• _Prompt_: Output only this range of the data below: the line that contains "Générique Meuble TV" through the final line, both ends included, each retyped exactly.

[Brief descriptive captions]
══════
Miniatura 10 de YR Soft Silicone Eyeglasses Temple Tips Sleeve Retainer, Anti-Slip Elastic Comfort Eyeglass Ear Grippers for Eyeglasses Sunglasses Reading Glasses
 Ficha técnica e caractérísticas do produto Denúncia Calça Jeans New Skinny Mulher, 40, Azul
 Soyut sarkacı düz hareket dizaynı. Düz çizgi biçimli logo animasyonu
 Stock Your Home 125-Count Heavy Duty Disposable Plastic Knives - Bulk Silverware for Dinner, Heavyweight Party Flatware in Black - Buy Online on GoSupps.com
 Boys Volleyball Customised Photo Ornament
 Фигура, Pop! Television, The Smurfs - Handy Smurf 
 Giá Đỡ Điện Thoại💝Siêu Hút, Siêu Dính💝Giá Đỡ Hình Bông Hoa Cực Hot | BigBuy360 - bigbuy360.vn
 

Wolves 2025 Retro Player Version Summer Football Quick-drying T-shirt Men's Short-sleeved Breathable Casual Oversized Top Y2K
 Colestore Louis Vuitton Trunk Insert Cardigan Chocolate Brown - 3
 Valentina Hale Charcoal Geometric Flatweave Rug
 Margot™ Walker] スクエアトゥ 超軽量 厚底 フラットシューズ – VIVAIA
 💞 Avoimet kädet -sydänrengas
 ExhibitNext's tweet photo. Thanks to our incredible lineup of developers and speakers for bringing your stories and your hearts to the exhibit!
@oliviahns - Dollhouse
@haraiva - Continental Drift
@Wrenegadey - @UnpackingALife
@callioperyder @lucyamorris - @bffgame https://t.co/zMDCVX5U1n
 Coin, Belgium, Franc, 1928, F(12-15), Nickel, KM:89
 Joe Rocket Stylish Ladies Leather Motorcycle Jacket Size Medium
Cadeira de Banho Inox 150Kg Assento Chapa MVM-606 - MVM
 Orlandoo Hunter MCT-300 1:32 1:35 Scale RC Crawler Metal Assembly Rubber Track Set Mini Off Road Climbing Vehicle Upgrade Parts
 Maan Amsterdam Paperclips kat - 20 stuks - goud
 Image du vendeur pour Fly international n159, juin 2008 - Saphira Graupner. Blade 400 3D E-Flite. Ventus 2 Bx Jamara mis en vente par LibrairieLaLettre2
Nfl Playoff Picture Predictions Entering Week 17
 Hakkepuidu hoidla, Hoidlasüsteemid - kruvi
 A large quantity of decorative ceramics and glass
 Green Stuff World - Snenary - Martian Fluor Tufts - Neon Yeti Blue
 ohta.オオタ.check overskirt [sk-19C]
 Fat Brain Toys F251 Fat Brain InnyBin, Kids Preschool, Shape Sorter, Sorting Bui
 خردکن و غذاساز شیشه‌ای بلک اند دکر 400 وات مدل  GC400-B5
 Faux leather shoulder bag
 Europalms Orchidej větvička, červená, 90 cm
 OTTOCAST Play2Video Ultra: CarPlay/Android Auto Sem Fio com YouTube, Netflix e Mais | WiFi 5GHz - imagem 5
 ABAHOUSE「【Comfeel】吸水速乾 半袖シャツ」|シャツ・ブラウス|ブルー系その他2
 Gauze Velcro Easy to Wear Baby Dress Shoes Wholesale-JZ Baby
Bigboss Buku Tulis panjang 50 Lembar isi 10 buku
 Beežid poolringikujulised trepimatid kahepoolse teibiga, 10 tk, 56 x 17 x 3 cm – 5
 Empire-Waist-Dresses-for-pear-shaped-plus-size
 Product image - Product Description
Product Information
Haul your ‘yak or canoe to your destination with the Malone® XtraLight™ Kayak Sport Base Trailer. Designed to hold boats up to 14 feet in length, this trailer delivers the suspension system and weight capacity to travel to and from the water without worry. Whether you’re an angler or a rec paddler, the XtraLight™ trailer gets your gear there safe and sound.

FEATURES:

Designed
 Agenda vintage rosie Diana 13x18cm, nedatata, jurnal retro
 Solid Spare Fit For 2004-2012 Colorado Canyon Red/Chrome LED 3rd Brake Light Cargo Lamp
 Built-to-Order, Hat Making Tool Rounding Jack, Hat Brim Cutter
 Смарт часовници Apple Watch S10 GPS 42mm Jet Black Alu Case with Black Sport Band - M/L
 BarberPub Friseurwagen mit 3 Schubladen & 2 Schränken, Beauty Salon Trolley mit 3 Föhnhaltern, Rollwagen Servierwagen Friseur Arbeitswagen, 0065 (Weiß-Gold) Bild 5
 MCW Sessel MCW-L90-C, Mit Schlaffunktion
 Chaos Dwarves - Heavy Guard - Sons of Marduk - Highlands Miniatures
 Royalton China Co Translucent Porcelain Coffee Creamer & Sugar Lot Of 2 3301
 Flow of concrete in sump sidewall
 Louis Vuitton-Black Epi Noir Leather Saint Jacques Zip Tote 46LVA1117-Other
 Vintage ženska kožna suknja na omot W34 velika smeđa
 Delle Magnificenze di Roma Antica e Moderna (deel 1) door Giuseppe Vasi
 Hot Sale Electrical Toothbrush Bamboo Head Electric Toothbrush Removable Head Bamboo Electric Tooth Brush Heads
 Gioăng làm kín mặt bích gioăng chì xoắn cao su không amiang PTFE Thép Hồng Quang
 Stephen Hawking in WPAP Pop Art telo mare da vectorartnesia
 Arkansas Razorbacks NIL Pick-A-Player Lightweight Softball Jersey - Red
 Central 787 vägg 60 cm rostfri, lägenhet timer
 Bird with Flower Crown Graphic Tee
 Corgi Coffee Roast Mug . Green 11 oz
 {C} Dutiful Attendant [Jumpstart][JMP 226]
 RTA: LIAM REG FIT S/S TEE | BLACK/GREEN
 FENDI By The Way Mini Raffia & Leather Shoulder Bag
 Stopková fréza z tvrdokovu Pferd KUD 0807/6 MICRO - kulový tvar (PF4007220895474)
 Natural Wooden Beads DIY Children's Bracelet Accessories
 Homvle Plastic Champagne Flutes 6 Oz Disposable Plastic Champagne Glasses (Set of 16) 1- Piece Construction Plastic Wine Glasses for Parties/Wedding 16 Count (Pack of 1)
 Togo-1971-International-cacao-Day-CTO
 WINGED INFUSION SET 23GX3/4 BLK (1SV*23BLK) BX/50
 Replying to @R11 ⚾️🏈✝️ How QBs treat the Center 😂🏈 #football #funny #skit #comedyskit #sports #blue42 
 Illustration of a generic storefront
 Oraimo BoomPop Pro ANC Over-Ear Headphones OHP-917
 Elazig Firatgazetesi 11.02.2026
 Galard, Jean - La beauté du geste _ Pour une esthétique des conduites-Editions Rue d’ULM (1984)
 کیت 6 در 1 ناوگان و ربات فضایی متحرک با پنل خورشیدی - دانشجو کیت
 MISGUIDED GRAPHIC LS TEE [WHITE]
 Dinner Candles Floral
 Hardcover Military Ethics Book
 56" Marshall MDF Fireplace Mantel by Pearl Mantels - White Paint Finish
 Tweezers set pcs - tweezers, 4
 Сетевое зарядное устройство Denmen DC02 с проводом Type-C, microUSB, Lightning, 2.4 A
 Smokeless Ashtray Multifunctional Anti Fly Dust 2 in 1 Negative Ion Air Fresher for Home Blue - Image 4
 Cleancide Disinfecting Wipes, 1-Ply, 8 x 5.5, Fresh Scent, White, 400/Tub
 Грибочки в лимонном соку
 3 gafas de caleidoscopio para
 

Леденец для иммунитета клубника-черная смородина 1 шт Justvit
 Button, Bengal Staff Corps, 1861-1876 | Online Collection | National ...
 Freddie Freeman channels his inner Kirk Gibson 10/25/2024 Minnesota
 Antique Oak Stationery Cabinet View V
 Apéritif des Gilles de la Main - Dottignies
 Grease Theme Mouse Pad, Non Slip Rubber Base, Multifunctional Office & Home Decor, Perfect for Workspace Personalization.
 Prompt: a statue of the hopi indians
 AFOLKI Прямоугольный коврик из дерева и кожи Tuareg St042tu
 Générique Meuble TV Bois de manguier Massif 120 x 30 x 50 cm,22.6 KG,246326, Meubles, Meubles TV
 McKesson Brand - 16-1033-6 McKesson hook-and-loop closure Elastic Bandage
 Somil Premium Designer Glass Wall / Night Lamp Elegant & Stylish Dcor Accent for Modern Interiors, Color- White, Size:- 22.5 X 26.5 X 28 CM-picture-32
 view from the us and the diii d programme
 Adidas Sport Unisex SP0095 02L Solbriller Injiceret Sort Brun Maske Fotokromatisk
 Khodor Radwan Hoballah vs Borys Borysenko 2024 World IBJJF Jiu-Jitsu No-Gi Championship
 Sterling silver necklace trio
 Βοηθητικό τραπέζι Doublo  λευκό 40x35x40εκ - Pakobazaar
══════
• _Solution to the exercise_:
 Générique Meuble TV Bois de manguier Massif 120 x 30 x 50 cm,22.6 KG,246326, Meubles, Meubles TV
 McKesson Brand - 16-1033-6 McKesson hook-and-loop closure Elastic Bandage
 Somil Premium Designer Glass Wall / Night Lamp Elegant & Stylish Dcor Accent for Modern Interiors, Color- White, Size:- 22.5 X 26.5 X 28 CM-picture-32
 view from the us and the diii d programme
 Adidas Sport Unisex SP0095 02L Solbriller Injiceret Sort Brun Maske Fotokromatisk
 Khodor Radwan Hoballah vs Borys Borysenko 2024 World IBJJF Jiu-Jitsu No-Gi Championship
 Sterling silver necklace trio
 Βοηθητικό τραπέζι Doublo  λευκό 40x35x40εκ - Pakobazaar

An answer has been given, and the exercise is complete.